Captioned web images
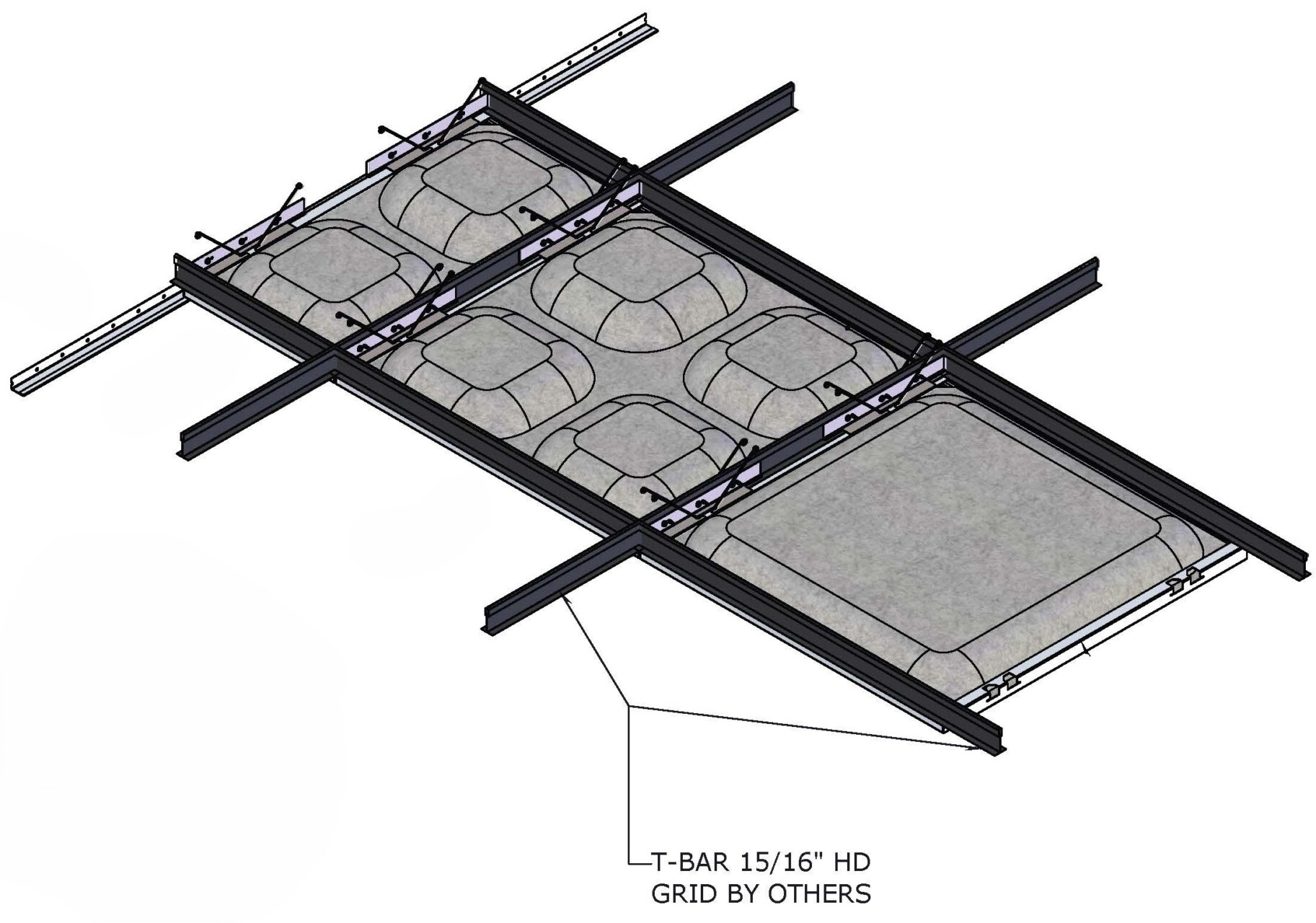 Technical diagram showing a Concave acoustic ceiling tile assembly integrated with a T-Bar grid.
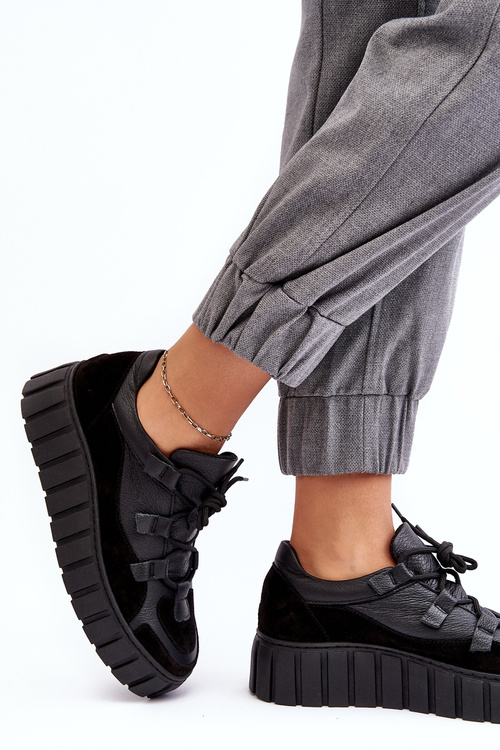 Жіноче шкіряне спортивне взуття на платформі M01/1 Zazoo чорного кольору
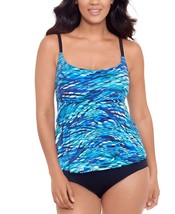 MSRP $119 Swim Solutions Womens Tankini Top Printed Tiered Swimwear Navy Size 12 - £31.46 GBP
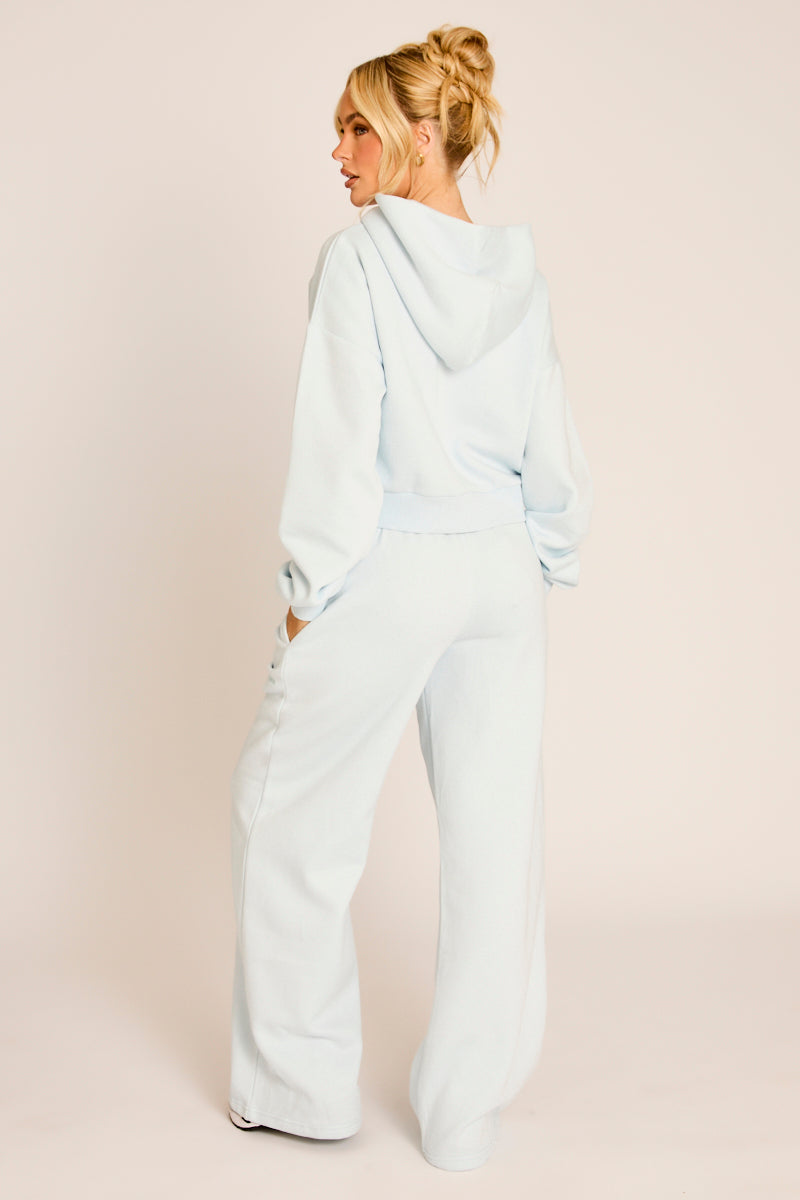 Light Blue Rebellious Logo Jersey Jogger Trousers - Kynee
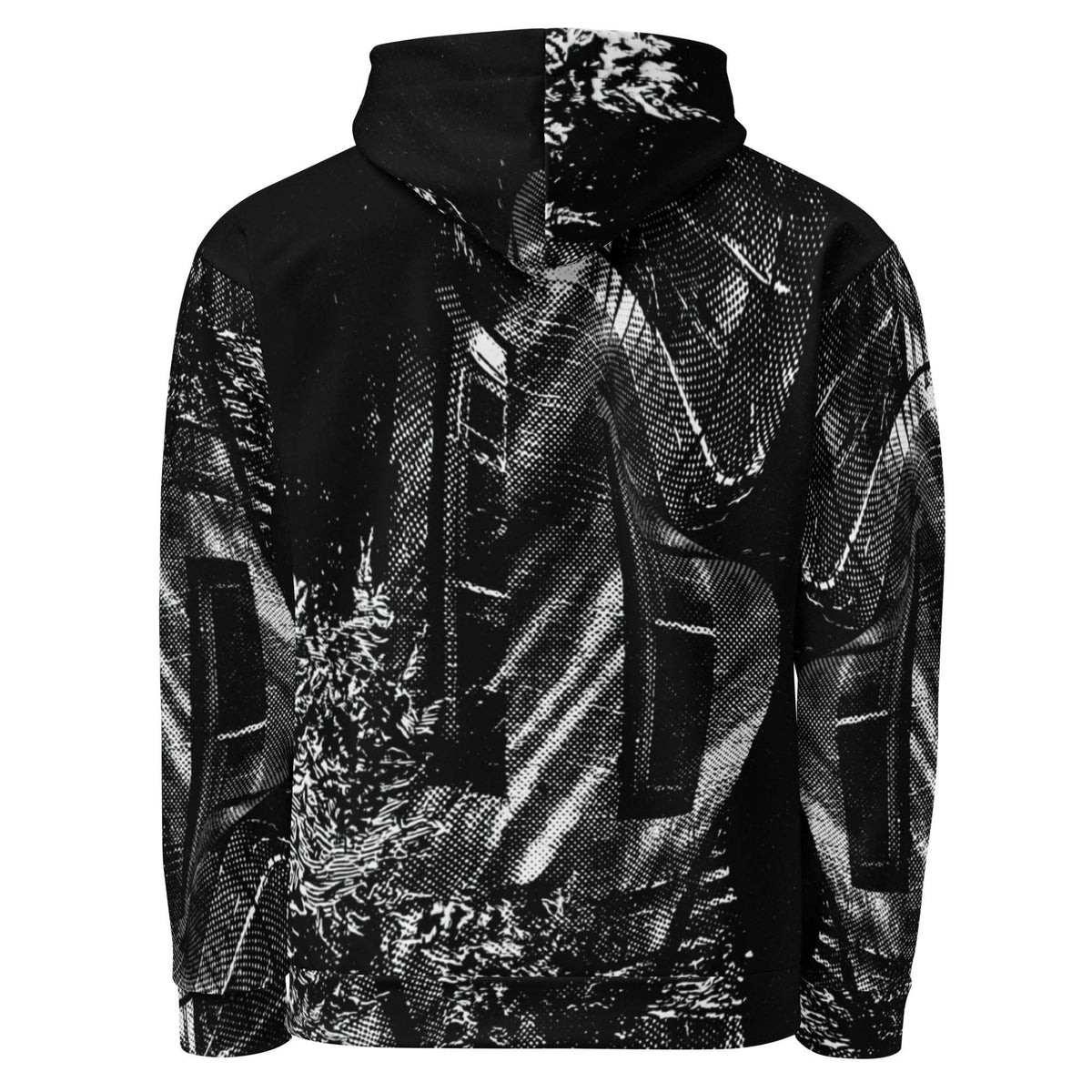 A black and white hooded jacket featuring an abstract, high-contrast graphic print with a split design on the hood and a textured, sketch-like pattern across the body and sleeves.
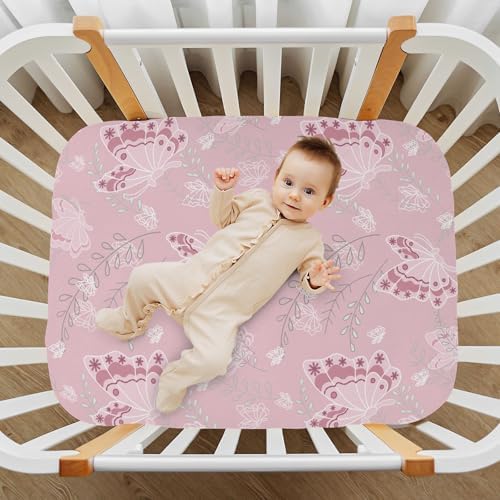 Butterflys Light Pink Fitted Crib Sheets for Baby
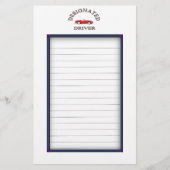 指定されたドライバのサインアップシート 便箋 (正面)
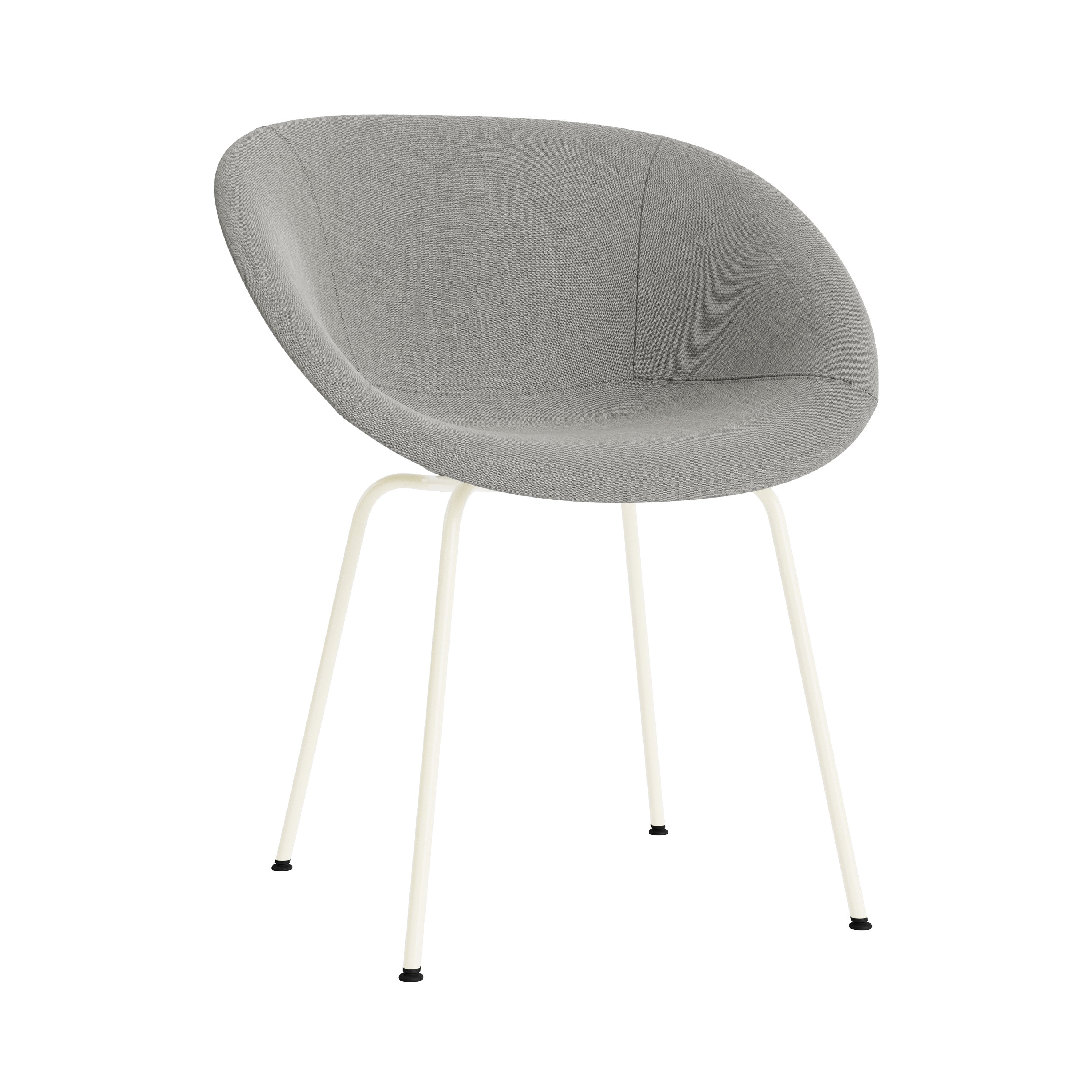 Mat Armchair: Steel Base + Fully Upholstered + Cream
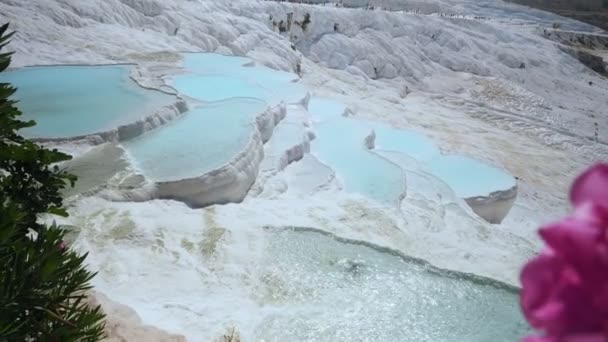 Formacji skalnych z trawertynu z turkusową wodą w Pamukkale. — Wideo stockowe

WHAT IS BEING ASKED
Please copy every entry exactly, without the pictures.

OUTPUT OF THE TASK
 Technical diagram showing a Concave acoustic ceiling tile assembly integrated with a T-Bar grid.
 Жіноче шкіряне спортивне взуття на платформі M01/1 Zazoo чорного кольору
 MSRP $119 Swim Solutions Womens Tankini Top Printed Tiered Swimwear Navy Size 12 - £31.46 GBP
 Light Blue Rebellious Logo Jersey Jogger Trousers - Kynee
 A black and white hooded jacket featuring an abstract, high-contrast graphic print with a split design on the hood and a textured, sketch-like pattern across the body and sleeves.
 Butterflys Light Pink Fitted Crib Sheets for Baby
 指定されたドライバのサインアップシート 便箋 (正面)
 Mat Armchair: Steel Base + Fully Upholstered + Cream
 Formacji skalnych z trawertynu z turkusową wodą w Pamukkale. — Wideo stockowe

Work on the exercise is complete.